I'm all for this idea, if having a capability_restriction_config for each plugin is not a requirement. It seems the most reasonable choice to me. If you decide to go that route, I'll close this issue, and open an issue for that in Envoy side.
JFYI, my rationale for my original idea is as follows.
What you're suggesting (running plugins in diffrent VMs if they require different capabilities) is quite different than enforcing capability restrictions on a per-plugin basis for plugins running in the same VM. Also, it's effectively only enforcing capability restrictions on a per-VM basis
Yes, you're right. That is what I suggested, and I thought it was a reasonable design choice.
However, the ability to run multiple plugins in the same VM is a feature ,(...) so we cannot run them in different VMs without explicit opt-in.
Being able to run plugins the same VM is a feature, but according to the doc, the feature is effective only when
All plugins which use the same vm_id and code will use the same VM
So, I thought it's reasonable to add a condition that and the same capability config
here as well.
However, as I said already I agree with just moving the capability config to the vm config, because it's simpler.
I'm all for this idea, if having a capability_restriction_config for each plugin is not a requirement. It seems the most reasonable choice to me. If you decide to go that route, I'll close this issue, and open an issue for that in Envoy side.
Let's do that. Thanks! @mathetake any objections/comments?
Being able to run plugins the same VM is a feature, but according to the doc, the feature is effective only when
All plugins which use the same vm_id and code will use the same VM
The only purpose of vm_id
is to isolate execution across different VMs.
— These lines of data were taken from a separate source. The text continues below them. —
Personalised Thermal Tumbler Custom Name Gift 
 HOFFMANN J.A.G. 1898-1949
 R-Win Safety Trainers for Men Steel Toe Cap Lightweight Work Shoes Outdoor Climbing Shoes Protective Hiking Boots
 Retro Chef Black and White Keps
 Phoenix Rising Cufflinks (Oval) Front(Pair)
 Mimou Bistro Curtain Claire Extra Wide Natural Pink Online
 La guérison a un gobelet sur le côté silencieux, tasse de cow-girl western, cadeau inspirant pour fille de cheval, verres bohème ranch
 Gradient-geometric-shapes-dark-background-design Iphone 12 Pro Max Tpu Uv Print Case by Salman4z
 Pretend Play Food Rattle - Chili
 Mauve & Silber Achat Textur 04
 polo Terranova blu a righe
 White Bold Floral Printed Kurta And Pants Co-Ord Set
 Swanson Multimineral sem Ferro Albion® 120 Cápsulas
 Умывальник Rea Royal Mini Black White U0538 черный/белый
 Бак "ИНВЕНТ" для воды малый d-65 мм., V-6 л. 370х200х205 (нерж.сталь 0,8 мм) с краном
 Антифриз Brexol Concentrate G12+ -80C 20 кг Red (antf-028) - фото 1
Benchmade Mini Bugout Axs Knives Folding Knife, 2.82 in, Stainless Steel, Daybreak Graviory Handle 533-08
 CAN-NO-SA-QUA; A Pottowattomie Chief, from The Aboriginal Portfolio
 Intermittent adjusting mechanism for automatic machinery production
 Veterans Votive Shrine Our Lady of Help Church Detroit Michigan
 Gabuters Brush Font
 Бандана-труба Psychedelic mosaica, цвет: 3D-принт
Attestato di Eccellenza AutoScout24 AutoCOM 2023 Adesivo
Let's do that. Thanks! @mathetake any objections/comments?
No objection! I think we've reached consensus now. Thanks!
The capability restriction system introduced in #89 is currently working on a per-VM basis, but it should be done on a per-plugin basis because users can provide capability restriction configurations for each plugin, not for each VM. Let's make the capability restriction work on a per-plugin basis. The implementation design is to be discussed in the comments.